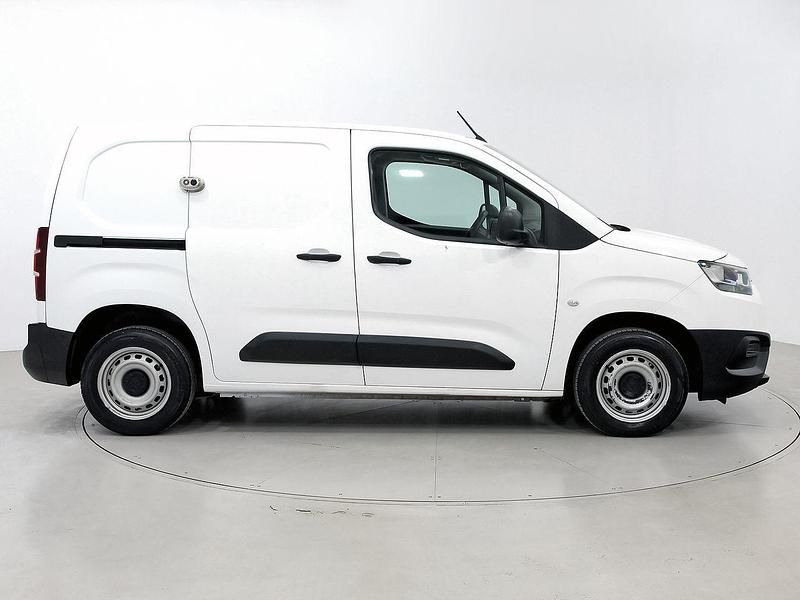 Usado Toyota Proace City City 103 CV (75 kW) 2021 Blanco Monovolumen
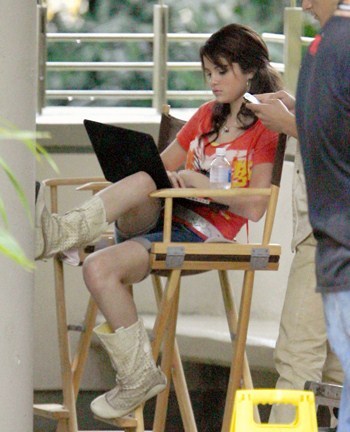 selena-laptop-wizards - Selena Gomez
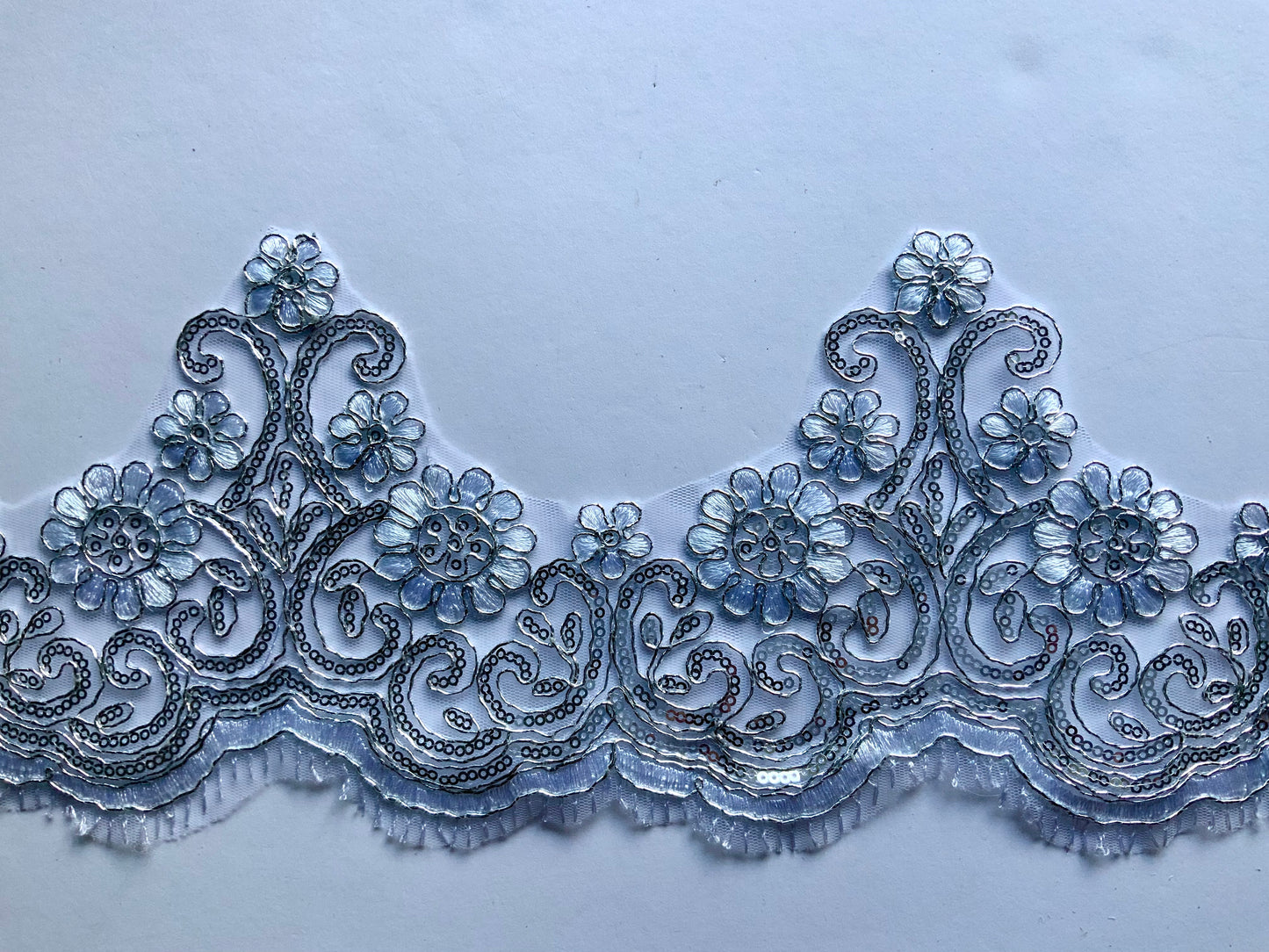 Lily Lace Border Trim- Silver and White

▬▬▬▬▬▬

(Your task): With the pictures set aside, return each line of the listing exactly as given.

(Solution to this problem):
 Usado Toyota Proace City City 103 CV (75 kW) 2021 Blanco Monovolumen
 selena-laptop-wizards - Selena Gomez
 Lily Lace Border Trim- Silver and White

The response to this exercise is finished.